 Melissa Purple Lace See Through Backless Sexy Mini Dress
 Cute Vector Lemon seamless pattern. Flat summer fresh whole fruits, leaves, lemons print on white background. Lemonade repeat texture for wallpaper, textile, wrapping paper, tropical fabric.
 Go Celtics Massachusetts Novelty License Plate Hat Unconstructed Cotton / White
--
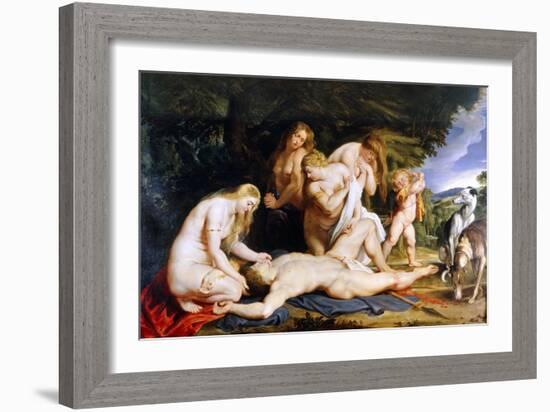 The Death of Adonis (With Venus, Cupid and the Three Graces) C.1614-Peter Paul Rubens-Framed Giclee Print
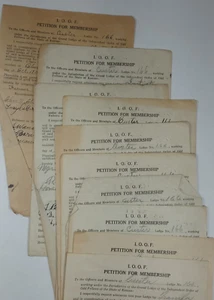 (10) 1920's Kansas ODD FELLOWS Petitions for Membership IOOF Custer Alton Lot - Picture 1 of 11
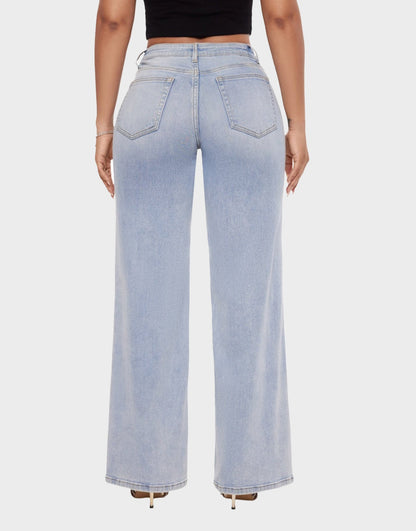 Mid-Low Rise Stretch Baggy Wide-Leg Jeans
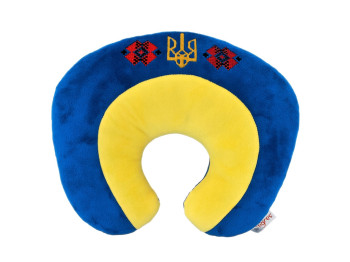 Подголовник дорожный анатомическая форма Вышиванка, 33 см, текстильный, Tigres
...
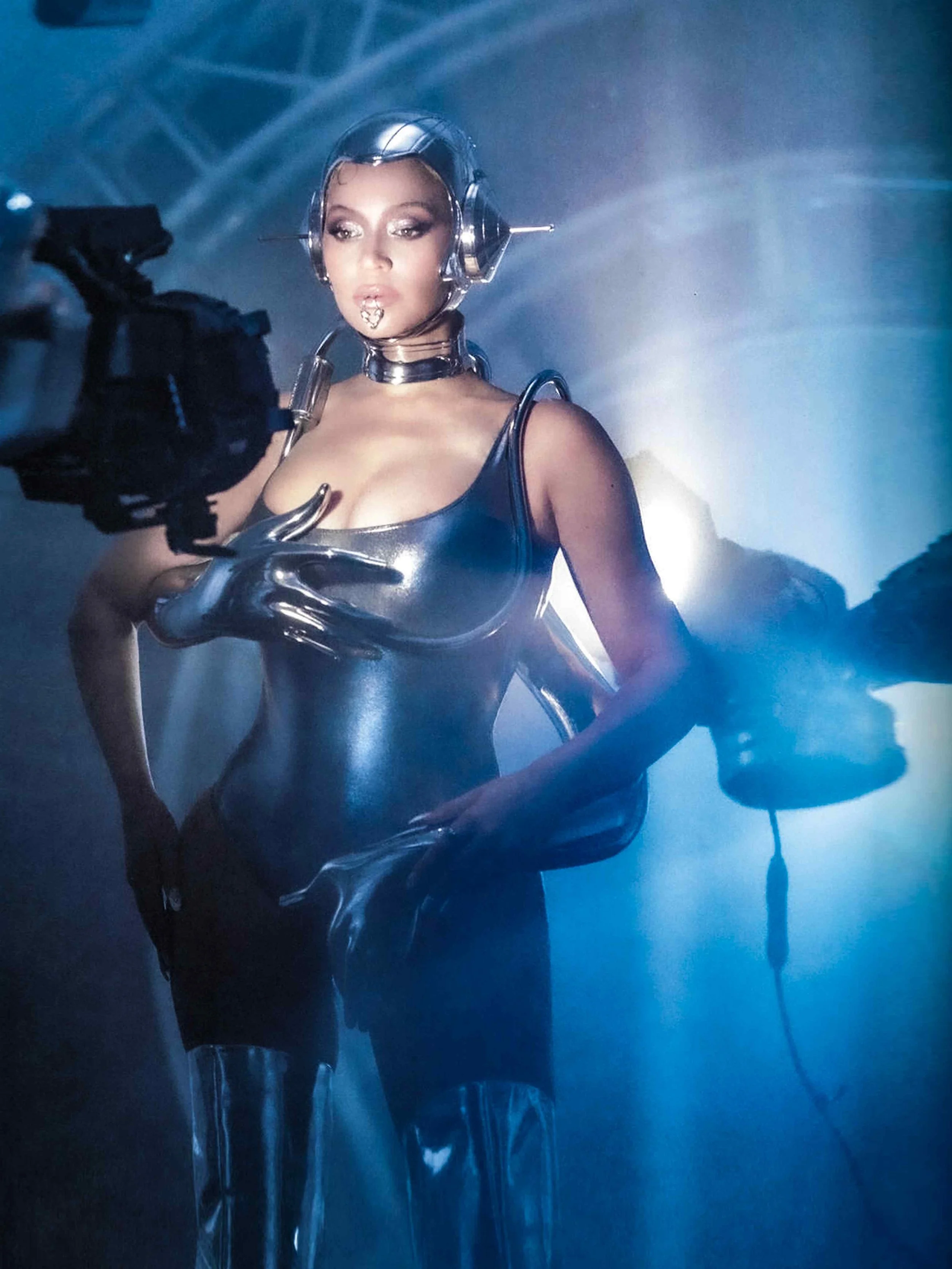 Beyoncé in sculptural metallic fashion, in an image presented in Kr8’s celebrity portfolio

◆ **What to do**
Word for word, write out the lines above running from the one with "Mid-Low Rise Stretch Baggy Wide-Leg Jeans" up to and including the one with "Подголовник дорожный анатомическая". Drop any picture.

◆ **Result for this task**
 Mid-Low Rise Stretch Baggy Wide-Leg Jeans
 Подголовник дорожный анатомическая форма Вышиванка, 33 см, текстильный, Tigres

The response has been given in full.